Hey folks, we are going to build out a text2sql solution. To do that first up we need to install ollama and download the duckdb-nsql 7b parameter LLM.
Go to https://ollama.com/ and download the binary (going to assume you're on a mac for this blog)
ollama run duckdb-nsql
First up we want to check the response from the duckdb-nsql LLM with no context
curl http://localhost:11434/api/generate -d '{
"model": "duckdb-nsql",
"prompt": "The total number of sales for APAC this year",
"stream": false
}'
Okay that returns a response, let's use jq to make that legible
curl http://localhost:11434/api/generate -d '{
"model": "duckdb-nsql",
"prompt": "The total number of sales for APAC this year",
"stream": false
}' | jq '.response'
Okay that looks like sql but we haven't even got a database yet so the LLM has basically guessed the answer. Let's get to work on spinning up a database.
Yes the blast from the past. Let's spin up Northwind but this time let's do it using PostgreSQL. Luckily I found this repo on Github by a chap by the name Pascal Thomas (please give him a star for his awesome work when you visit): https://github.com/pthom/northwind_psql
This has a docker compose with both postgres database, pgAdmin and a bootstrap script to load in the Northwind database. Let's go ahead and clone it and spin it up:
git clone git@github.com:pthom/northwind_psql.git
cd northwind_psql
docker-compose up
No that it has spun up, let's go to the browser at http://localhost:5050/ and login to pgAdmin with the following credentials (let's not do this in prod, folks!):
- General Tab:
- Name = db
- Connection Tab:
- Host name: db
- Username: postgres
- Password: postgres
In there, let's take a look at a few tables and then look at the information schema with this simple query:
select * from information_schema.columns
where table_schema = 'public'
order by table_name, ordinal_position;
As you can see we've got a bunch of information in regards to the tables in postgres loaded from the Northwind database. We can use this information to form the basis of our Prompt engineering. In other words, to ground our prompt with some context about the types of tables and columns available in the database.
Okay so let's spin up Meilisearch, a rust based search database that we can use to store the table and column information that we can use as a RAG for the LLM.
docker pull getmeili/meilisearch:v1.10
docker run -it --rm \
-p 7700:7700 \
-v $(pwd)/meili_data:/meili_data \
getmeili/meilisearch:v1.10
Now that this service is up, let's go ahead and get some data in there!
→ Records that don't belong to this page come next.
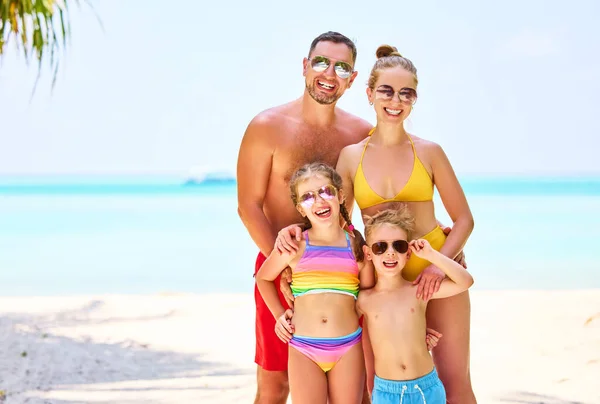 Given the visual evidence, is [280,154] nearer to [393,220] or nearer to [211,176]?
[393,220]

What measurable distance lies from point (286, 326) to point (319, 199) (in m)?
0.66

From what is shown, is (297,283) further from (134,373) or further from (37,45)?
(134,373)

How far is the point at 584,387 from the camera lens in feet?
23.2

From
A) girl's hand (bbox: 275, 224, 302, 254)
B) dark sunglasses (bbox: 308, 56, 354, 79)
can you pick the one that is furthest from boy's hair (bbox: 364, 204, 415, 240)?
dark sunglasses (bbox: 308, 56, 354, 79)

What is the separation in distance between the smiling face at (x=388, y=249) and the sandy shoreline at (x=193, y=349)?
3408mm

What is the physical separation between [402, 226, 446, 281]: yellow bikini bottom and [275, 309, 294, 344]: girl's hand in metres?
0.63

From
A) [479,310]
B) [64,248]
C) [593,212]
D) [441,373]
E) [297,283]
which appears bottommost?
[593,212]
First up we need to load some data in from the PostgreSQL information schema into Meilisearch so let's clone my repo and get a python environment setup and clone the repo with the code in it.
git clone git@github.com:cloud-shuttle/text2sql-blog.git
cd text2sql-blog
uv venv
source .venv/bin/activate
uv pip install psycopg2-binary python-dotenv meilisearch ollama
Then copy the below into your dot env (.env) file (again this is for local testing only and not for prod use cases)
PG_HOST="localhost"
PG_DATABASE="northwind"
PG_USER="postgres"
PG_PASSWORD="postgres"
# Meilisearch connection parameters
MEILISEARCH_HOST="http://localhost:7700"
MEILISEARCH_API_KEY="ADSF"
Now onto the fun part.
Now we want to load up the metadata from the information schema in PostgreSQL into Meilisearch
python hydrate_search.py
Indexed 14 tables in Meilisearch
Next we want to query Meilisearch to sample the results
python search_results.py orders
CREATE TABLE orders (
order_id int2,
employee_id int2,
order_date date,
required_date date,
shipped_date date,
ship_via int2,
freight float4,
customer_id varchar,
ship_name varchar,
ship_address varchar,
ship_city varchar,
ship_region varchar,
ship_postal_code varchar,
ship_country varchar
);
Now that we have the context from our search database RAG, we can use it as part of our prompt to the duckdb-nsql model in Ollama to get our text2sql result.
python ollama_e2e.py orders "the total number of orders from Belgium in 1996"
SELECT COUNT(*) FROM orders WHERE ship_country = 'Belgium' AND order_date BETWEEN '1996-01-01' AND '1996-12-31';
Now let's go ahead and use the outputted query in PGAdmin to see if it works?
SELECT COUNT(*) FROM orders WHERE ship_country = 'Belgium' AND order_date BETWEEN '1996-01-01' AND '1996-12-31';
--result 2
Awesome so it works for this one use case and obviously productionising this and going through the edge case would be some work but I thought, it's Sunday, let's have some fun.